_Aim of the exercise_: Restate word for word only the lines running from the one with "Image showing Silk cocoons" to the end of the data, both ends included. Omit any pictures.

Records drawn from a dataset
==========
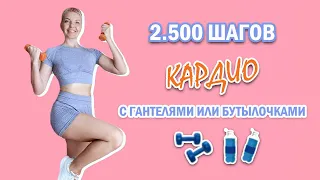 Кардио тренировка с гантелями или бутылочками ( можно и без) | Natinfitness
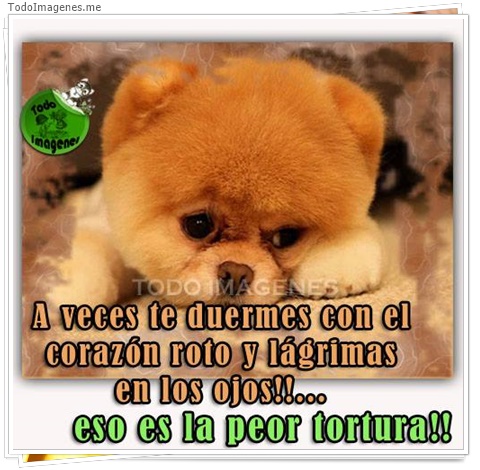 imagen de 5616-20160302-034106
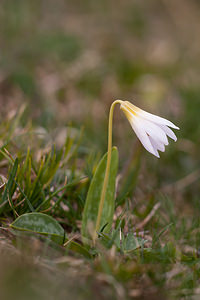 Erythronium dens-canis (Liliaceae)  - Érythrone dent-de-chien, Érythronium dent-de-chien, Dent-de-chien - Dog's-tooth-violet Drome [France] 15/05/2012 - 1480m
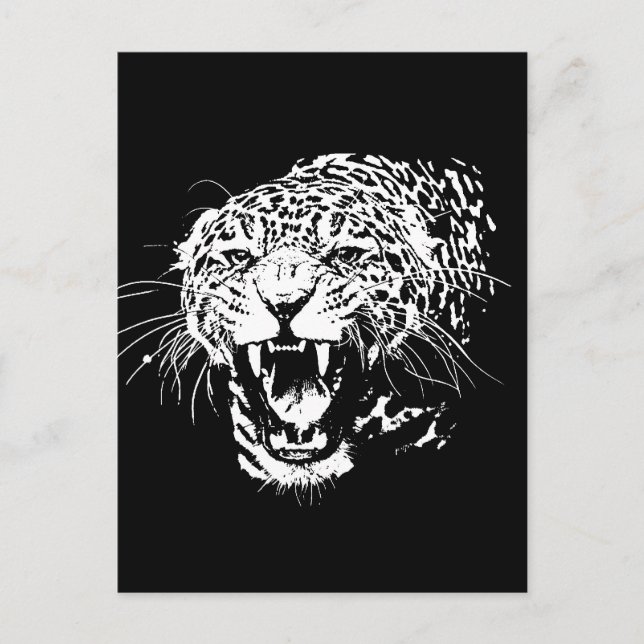 Black & White Jaguar Postcard (Front)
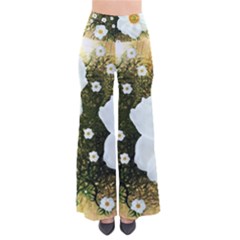 Summer Anemone Sylvestris So Vintage Palazzo Pants by Nexatart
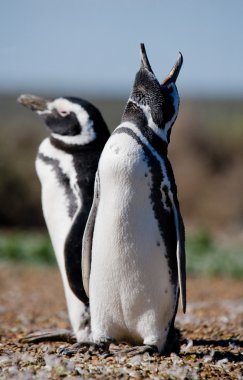 Galapagos penguenleri Galapagos Adaları'nda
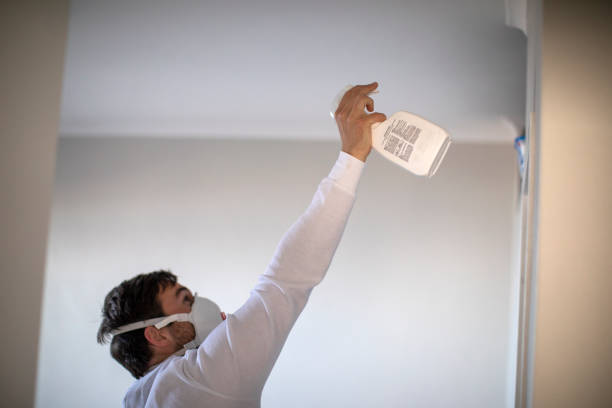 Best Mold Cleaning Services  in Albertson, NY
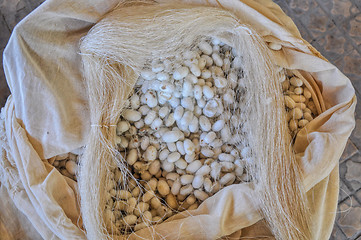 Image showing Silk cocoons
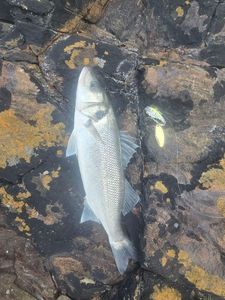 European Bass (Seabass)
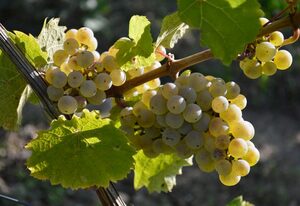 Ferienwohnung Weingut Kurt Bug – Ferienwohnung Rosina 1 Erw. und 1 Kind > 4 Jahre
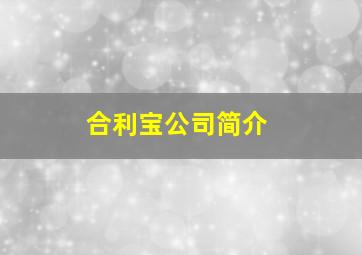 合利宝公司简介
==========
_Result of this task_:
 Image showing Silk cocoons
 European Bass (Seabass)
 Ferienwohnung Weingut Kurt Bug – Ferienwohnung Rosina 1 Erw. und 1 Kind > 4 Jahre
 合利宝公司简介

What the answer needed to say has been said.